AUTOSTIMA

L'autostima è un processo cognitivo soggettivo legato alla percezione autoriferita: io-in relazione a me stesso, io-in relazione agli eventi, io-in relazione agli altri. La struttura dell'autostima porta la persona a compiere uno sforzo di autovalutazione  e apprezzamento di se stessa tramite l'autoapprovazione del proprio valore personale auto-percepito. 

Nell'autostima gli elementi cognitivi, quelli affettivi e quelli sociali concorrono nella determinazione di una visione di sé stessi relazionata sia agli eventi interni (come mi sento con me stesso) ed esterni (come mi sento con il mondo) alla persona. 

Si tratta di una caratteristica che muta nel tempo parallelamente al nostro sviluppo percettivo delle cose. Se riusciamo ad avere una visione produttiva della realtà sia interiore che esteriore riusciamo a concretizzare un buon livello di autostima. Il nostro punto di vista sulla realtà consente di autodeterminare la nostra autostima.

PRESUPPOSTI

 William James (1842/1910) definiva l'autostima come il rapporto tra sé percepito e sé ideale; il primo è la considerazione che un individuo elabora su di sé in base alle caratteristiche che dal suo punto di vista sono presenti o assenti all'interno della sua vita, il sé ideale è invece l'idea di come vorrebbe essere e del modello di vita che sta prendendo in considerazione.
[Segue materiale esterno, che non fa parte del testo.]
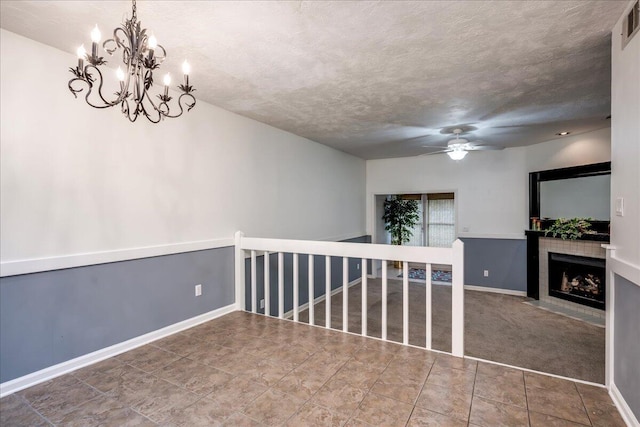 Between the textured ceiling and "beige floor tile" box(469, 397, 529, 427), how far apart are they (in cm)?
240

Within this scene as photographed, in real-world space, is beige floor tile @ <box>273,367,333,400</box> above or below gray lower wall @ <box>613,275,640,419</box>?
below

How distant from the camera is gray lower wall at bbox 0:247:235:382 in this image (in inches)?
85.0

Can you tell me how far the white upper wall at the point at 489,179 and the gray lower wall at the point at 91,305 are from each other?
5.02 metres

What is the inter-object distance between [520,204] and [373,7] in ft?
18.1

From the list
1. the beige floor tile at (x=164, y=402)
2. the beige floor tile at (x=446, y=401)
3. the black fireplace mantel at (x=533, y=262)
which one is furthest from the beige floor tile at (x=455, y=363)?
the black fireplace mantel at (x=533, y=262)

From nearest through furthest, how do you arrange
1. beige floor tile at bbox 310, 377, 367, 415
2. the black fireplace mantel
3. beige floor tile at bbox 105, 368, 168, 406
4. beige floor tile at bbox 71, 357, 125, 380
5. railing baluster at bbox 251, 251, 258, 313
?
beige floor tile at bbox 310, 377, 367, 415, beige floor tile at bbox 105, 368, 168, 406, beige floor tile at bbox 71, 357, 125, 380, railing baluster at bbox 251, 251, 258, 313, the black fireplace mantel

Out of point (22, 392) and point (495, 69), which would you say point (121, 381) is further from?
point (495, 69)

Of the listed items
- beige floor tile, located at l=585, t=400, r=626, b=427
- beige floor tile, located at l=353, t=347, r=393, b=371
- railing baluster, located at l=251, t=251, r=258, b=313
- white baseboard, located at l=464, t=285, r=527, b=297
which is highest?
railing baluster, located at l=251, t=251, r=258, b=313

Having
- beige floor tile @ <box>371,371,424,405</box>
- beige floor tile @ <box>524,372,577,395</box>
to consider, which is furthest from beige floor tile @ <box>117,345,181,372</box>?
beige floor tile @ <box>524,372,577,395</box>

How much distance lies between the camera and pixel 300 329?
310 cm

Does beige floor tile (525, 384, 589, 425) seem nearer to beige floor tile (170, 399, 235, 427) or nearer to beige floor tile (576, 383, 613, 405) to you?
beige floor tile (576, 383, 613, 405)

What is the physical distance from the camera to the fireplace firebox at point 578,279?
181 inches

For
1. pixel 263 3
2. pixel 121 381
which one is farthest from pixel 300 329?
pixel 263 3

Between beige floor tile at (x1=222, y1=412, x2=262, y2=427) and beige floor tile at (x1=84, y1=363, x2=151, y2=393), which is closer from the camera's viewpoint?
beige floor tile at (x1=222, y1=412, x2=262, y2=427) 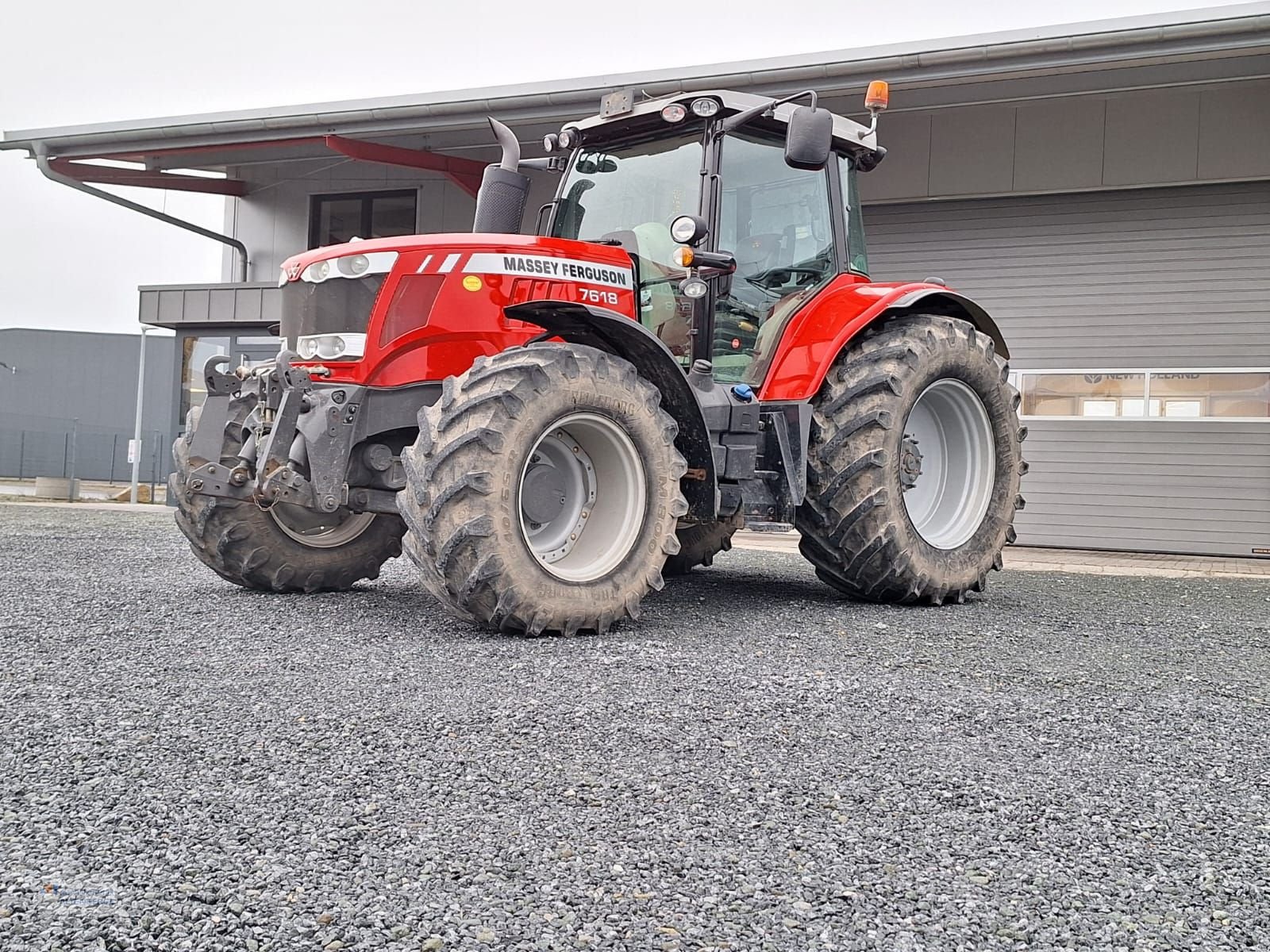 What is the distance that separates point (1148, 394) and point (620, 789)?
8511mm

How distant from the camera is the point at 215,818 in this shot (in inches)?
80.1

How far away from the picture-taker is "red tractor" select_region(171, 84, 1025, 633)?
3.97 metres

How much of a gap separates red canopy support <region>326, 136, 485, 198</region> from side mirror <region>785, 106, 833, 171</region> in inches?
267

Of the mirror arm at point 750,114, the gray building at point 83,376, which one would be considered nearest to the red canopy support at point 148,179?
the mirror arm at point 750,114

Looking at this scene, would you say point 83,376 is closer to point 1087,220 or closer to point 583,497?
point 1087,220

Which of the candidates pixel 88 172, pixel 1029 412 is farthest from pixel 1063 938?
pixel 88 172

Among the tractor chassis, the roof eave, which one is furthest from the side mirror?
the roof eave

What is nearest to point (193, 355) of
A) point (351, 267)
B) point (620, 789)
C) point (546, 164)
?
point (546, 164)

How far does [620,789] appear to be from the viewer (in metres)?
2.29

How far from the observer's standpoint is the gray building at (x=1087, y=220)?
8594 mm

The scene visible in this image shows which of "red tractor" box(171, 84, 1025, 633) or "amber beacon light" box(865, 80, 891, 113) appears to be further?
"amber beacon light" box(865, 80, 891, 113)

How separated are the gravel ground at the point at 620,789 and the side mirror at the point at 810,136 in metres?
2.00

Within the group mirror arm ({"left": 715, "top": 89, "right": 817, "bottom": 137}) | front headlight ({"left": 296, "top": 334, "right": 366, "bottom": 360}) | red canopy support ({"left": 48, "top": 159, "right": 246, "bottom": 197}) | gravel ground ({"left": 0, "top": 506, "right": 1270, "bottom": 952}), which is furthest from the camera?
red canopy support ({"left": 48, "top": 159, "right": 246, "bottom": 197})

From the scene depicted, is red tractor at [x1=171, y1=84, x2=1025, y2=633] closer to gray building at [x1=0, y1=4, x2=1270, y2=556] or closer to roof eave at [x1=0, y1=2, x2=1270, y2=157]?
roof eave at [x1=0, y1=2, x2=1270, y2=157] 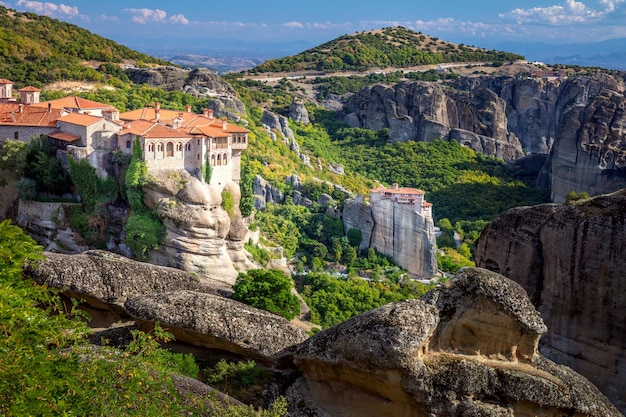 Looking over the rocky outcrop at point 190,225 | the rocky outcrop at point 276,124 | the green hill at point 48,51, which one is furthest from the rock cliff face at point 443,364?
the rocky outcrop at point 276,124

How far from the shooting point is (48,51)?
194 feet

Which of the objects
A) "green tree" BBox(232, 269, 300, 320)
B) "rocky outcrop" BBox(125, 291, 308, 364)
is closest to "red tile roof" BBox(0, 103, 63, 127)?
"green tree" BBox(232, 269, 300, 320)

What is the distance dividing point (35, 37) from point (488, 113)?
47773 millimetres

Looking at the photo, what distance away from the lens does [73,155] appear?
1268 inches

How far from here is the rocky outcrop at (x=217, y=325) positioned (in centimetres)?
1438

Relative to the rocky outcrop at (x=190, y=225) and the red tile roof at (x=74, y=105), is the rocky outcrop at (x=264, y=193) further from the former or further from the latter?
the rocky outcrop at (x=190, y=225)

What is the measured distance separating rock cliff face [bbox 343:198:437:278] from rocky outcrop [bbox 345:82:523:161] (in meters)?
29.5

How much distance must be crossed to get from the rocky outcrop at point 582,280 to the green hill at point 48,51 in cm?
4215

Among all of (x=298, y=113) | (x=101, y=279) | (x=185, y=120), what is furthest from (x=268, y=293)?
(x=298, y=113)

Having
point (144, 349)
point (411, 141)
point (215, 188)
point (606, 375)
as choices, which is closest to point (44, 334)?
point (144, 349)

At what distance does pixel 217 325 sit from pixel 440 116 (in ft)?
215

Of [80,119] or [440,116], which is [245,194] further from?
[440,116]

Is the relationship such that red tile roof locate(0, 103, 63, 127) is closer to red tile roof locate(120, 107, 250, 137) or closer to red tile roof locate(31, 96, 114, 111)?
red tile roof locate(31, 96, 114, 111)

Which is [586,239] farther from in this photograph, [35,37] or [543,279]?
[35,37] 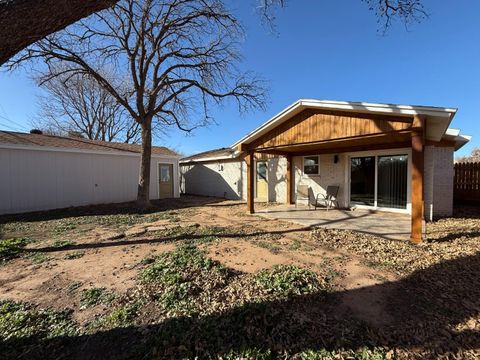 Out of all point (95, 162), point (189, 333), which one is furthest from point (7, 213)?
point (189, 333)

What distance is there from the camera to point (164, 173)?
14750 mm

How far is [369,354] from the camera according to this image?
2061 mm

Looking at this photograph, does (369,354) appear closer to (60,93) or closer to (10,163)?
(10,163)

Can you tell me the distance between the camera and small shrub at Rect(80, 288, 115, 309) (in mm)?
2951

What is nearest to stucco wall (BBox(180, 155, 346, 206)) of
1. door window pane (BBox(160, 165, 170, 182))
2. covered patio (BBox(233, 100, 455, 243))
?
covered patio (BBox(233, 100, 455, 243))

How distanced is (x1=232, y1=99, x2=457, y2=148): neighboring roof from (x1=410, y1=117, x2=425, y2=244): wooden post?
0.25m

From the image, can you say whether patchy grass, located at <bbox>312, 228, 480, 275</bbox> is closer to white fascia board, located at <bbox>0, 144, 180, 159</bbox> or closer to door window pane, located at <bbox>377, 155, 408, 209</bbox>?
door window pane, located at <bbox>377, 155, 408, 209</bbox>

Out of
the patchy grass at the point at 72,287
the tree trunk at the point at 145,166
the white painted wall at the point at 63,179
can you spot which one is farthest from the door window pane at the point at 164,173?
the patchy grass at the point at 72,287

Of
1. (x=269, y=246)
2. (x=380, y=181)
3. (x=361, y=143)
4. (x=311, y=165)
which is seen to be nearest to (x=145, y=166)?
(x=311, y=165)

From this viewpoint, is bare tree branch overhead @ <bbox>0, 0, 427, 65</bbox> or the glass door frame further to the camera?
the glass door frame

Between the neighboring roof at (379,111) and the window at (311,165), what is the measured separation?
351 cm

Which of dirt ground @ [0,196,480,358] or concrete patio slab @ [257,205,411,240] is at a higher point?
concrete patio slab @ [257,205,411,240]

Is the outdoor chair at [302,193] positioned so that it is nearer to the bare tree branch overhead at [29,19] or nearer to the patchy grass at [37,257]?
the patchy grass at [37,257]

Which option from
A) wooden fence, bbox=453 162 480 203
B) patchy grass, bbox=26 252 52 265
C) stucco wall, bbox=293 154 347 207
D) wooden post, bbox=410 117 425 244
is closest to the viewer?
patchy grass, bbox=26 252 52 265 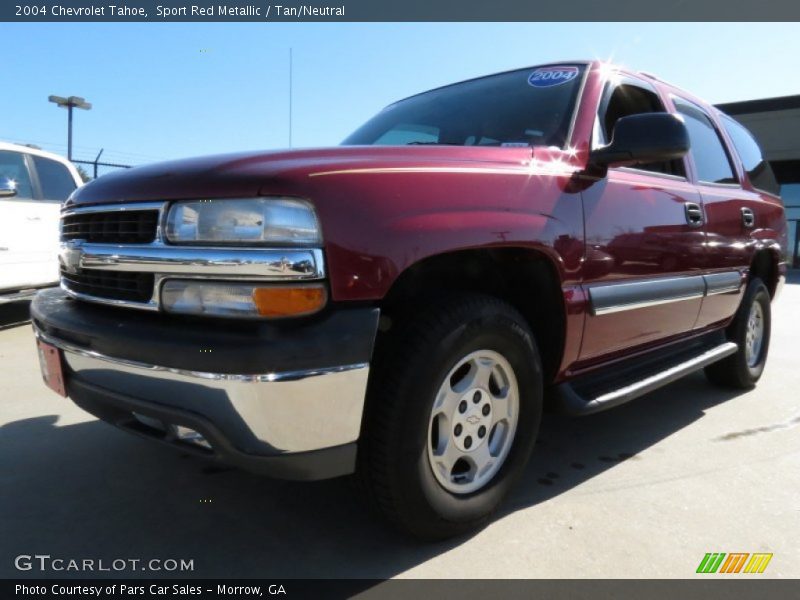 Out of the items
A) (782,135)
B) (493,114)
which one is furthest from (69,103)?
(782,135)

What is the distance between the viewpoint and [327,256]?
1571 mm

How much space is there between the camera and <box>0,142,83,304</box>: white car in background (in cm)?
543

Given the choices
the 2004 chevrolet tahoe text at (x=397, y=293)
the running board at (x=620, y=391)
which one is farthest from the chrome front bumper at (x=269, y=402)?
the running board at (x=620, y=391)

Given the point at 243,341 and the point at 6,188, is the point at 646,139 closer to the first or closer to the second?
the point at 243,341

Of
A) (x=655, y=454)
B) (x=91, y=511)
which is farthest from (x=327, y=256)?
(x=655, y=454)

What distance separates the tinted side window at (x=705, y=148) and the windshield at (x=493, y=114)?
1.16 meters

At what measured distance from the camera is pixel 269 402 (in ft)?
4.91

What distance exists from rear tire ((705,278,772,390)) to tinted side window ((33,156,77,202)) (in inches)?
247

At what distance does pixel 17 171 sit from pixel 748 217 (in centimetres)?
635

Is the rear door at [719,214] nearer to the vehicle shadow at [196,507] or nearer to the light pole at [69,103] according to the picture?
the vehicle shadow at [196,507]

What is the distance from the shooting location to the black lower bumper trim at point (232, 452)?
155 centimetres

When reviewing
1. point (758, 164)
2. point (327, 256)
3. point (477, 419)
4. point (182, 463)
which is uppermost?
point (758, 164)

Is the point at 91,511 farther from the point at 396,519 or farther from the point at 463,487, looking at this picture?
the point at 463,487

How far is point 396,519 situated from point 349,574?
0.74ft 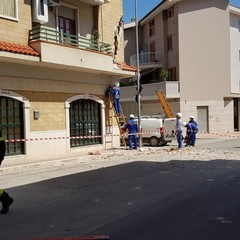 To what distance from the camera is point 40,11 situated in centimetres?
1590

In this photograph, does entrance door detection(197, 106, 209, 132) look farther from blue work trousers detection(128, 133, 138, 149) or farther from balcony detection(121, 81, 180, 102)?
blue work trousers detection(128, 133, 138, 149)

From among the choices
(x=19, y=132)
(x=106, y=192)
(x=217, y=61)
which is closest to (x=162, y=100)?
(x=217, y=61)

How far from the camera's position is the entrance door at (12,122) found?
14992mm

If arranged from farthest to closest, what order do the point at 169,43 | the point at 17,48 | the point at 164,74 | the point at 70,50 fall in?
the point at 169,43, the point at 164,74, the point at 70,50, the point at 17,48

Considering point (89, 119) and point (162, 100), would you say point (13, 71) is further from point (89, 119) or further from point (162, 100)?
point (162, 100)

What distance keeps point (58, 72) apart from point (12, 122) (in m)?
3.22

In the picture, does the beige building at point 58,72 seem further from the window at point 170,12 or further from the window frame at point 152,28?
the window frame at point 152,28

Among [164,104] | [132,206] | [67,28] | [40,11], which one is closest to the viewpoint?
[132,206]

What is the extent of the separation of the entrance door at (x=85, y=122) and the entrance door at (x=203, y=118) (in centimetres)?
1592

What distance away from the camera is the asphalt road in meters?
5.71

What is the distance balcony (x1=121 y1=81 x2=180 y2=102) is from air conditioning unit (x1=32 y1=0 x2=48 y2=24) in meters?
18.2

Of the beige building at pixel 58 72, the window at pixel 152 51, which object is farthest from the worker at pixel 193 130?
the window at pixel 152 51

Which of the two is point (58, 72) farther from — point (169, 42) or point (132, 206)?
point (169, 42)

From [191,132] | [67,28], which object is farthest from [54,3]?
[191,132] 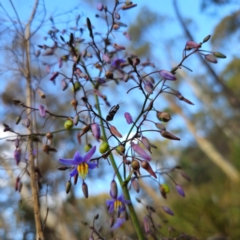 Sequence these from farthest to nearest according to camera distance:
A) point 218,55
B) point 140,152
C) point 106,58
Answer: point 106,58, point 218,55, point 140,152

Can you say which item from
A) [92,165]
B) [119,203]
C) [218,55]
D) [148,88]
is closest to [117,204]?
[119,203]

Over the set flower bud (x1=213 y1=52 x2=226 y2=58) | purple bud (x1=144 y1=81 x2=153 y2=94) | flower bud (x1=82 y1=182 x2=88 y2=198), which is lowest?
flower bud (x1=82 y1=182 x2=88 y2=198)

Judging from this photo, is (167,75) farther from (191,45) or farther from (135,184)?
(135,184)

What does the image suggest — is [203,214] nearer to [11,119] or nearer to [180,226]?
[180,226]

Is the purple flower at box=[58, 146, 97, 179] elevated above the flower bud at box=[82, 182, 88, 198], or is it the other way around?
the purple flower at box=[58, 146, 97, 179]

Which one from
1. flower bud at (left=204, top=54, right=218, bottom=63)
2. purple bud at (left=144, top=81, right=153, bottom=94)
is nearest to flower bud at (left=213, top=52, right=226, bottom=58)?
flower bud at (left=204, top=54, right=218, bottom=63)

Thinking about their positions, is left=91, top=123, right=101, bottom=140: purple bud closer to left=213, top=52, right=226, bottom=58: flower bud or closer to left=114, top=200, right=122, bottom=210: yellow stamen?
left=114, top=200, right=122, bottom=210: yellow stamen

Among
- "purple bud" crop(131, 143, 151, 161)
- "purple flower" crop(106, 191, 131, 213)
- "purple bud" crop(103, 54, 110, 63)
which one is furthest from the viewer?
"purple bud" crop(103, 54, 110, 63)

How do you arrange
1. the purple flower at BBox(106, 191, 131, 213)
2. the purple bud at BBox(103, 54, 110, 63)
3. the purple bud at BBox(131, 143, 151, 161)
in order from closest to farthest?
the purple bud at BBox(131, 143, 151, 161), the purple flower at BBox(106, 191, 131, 213), the purple bud at BBox(103, 54, 110, 63)

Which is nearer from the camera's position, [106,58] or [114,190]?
[114,190]

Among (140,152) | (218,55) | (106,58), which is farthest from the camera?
(106,58)

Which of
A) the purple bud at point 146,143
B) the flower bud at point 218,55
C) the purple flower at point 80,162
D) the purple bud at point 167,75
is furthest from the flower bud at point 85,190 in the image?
the flower bud at point 218,55

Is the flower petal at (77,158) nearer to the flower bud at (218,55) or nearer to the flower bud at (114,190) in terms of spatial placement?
the flower bud at (114,190)

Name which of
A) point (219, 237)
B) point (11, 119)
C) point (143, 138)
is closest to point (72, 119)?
point (143, 138) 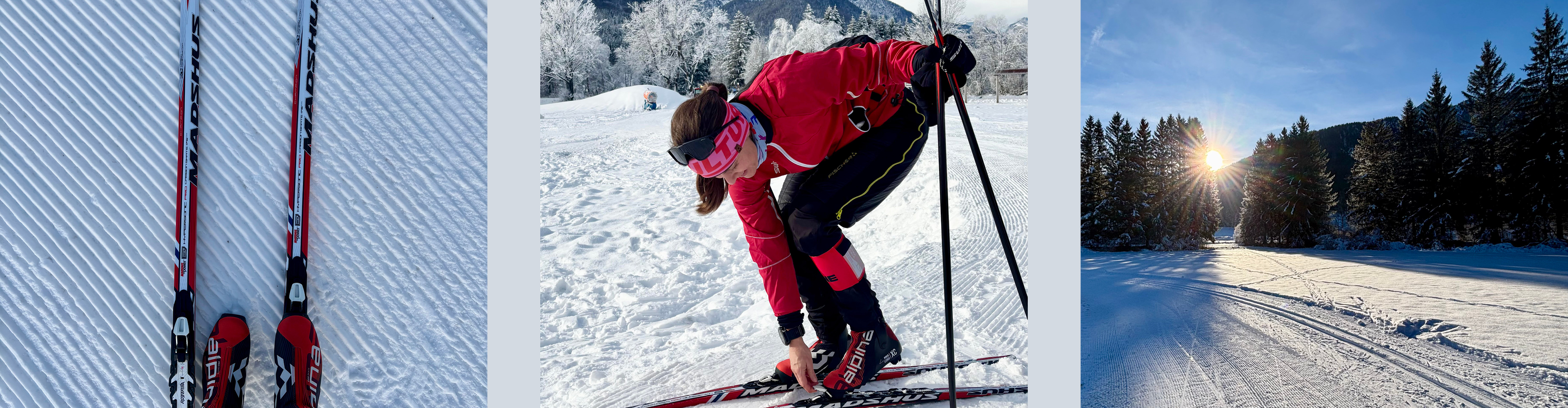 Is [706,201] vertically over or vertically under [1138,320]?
over

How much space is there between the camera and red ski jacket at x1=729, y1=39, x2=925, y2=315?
67 centimetres

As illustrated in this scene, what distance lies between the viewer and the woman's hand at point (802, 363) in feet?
2.66

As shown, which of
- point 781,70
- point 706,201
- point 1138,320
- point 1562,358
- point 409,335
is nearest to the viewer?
point 781,70

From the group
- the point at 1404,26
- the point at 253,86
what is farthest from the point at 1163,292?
the point at 253,86

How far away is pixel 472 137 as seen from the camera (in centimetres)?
94

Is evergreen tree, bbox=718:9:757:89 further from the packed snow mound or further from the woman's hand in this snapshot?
the woman's hand

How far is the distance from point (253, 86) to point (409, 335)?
526mm

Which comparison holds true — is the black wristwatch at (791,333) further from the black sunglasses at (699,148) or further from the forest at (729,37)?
the forest at (729,37)

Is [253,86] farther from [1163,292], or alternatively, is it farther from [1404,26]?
[1404,26]

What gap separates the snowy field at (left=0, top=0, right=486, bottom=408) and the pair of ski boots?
23.3 inches

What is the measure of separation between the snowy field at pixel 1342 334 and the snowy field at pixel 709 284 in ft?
1.42

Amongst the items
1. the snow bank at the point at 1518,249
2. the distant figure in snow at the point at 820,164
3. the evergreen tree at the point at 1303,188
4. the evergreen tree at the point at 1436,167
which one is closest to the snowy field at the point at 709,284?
the distant figure in snow at the point at 820,164

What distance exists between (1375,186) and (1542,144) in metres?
0.30

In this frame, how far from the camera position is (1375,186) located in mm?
1378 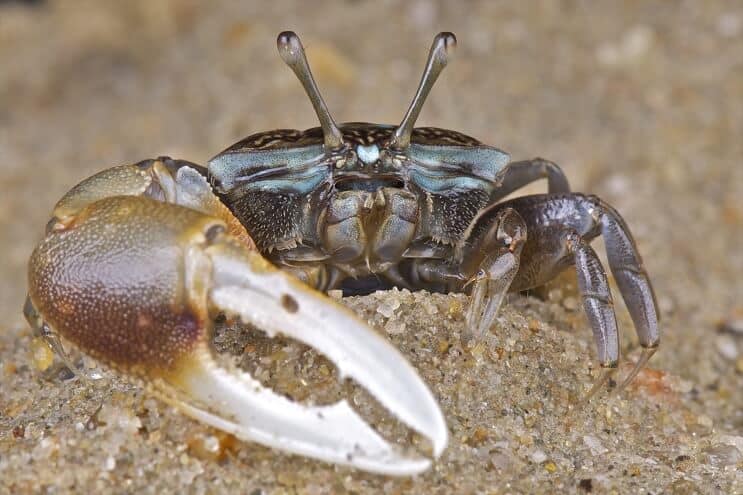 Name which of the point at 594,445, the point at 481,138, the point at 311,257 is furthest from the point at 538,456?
the point at 481,138

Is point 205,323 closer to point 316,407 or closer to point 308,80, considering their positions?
point 316,407

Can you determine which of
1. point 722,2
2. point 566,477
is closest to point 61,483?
point 566,477

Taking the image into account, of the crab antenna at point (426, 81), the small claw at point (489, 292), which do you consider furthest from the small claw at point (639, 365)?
the crab antenna at point (426, 81)

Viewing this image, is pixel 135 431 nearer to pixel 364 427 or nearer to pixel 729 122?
pixel 364 427

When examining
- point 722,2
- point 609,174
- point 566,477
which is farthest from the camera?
point 722,2

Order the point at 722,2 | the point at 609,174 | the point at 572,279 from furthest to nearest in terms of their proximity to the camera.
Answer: the point at 722,2, the point at 609,174, the point at 572,279

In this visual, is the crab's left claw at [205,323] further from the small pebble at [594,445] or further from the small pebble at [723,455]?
the small pebble at [723,455]

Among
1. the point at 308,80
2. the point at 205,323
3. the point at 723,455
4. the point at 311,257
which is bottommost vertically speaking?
the point at 723,455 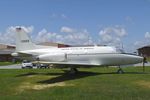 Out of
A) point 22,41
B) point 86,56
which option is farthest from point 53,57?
point 22,41

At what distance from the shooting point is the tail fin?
3691 centimetres

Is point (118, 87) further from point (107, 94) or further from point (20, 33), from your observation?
point (20, 33)

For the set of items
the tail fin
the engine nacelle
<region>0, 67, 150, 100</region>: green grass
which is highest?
the tail fin

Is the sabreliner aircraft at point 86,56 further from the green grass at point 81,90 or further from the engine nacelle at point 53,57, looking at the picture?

La persona percepisce bassa autostima nel momento in cui il suo sé percepito non riesce a raggiungere il livello del suo sé ideale e quanto più grande è la discrepanza tra i due, tanto più nasce in un soggetto insoddisfazione (nel caso in cui il sé percepito sia di gran lunga minore) e alto senso di potere e successo (quando il sé percepito supera di molto il sé ideale).

Il senso di autostima deriva quindi dal rapporto tra successo e aspettative: la maggior parte dei fattori che vanno a condizionare la creazione del personale livello di autostima discende dai risultati/esiti delle prove che siamo chiamati ad affrontare quotidianamente nella vita.

SVOLGIMENTO

DELLA GIORNATA

Lavoreremo sull'autopercezione e sulla percezione riferita in modo

da evidenziare la porta di ingresso della nostra autovalutazione.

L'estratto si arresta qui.